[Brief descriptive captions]
----------------

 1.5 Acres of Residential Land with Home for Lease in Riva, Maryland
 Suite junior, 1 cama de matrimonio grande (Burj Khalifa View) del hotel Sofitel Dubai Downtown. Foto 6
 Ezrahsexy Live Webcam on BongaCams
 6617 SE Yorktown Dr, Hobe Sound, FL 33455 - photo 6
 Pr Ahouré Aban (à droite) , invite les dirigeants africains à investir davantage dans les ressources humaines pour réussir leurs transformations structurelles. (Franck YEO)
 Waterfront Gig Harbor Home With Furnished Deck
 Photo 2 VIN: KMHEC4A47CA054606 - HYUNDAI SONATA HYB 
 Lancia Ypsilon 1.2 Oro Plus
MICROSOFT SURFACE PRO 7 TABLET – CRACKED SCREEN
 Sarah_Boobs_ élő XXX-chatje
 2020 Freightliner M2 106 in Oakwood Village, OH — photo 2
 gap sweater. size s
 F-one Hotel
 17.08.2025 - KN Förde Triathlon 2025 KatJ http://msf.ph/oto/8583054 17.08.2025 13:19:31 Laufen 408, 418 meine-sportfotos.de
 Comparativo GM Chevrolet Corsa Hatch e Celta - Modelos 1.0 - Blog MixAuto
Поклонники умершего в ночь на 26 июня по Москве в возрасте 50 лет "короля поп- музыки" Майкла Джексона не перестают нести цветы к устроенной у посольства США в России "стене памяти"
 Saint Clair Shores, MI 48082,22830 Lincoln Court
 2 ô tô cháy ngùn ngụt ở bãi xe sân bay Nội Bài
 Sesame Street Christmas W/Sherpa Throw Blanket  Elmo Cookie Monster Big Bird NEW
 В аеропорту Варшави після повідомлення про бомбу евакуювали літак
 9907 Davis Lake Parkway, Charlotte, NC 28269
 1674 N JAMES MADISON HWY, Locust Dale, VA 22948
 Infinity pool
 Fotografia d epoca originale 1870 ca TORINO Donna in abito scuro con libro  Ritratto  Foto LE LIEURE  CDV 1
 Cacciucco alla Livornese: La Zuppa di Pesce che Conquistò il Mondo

----------------

Count each line above with "Home"; write only the number.

2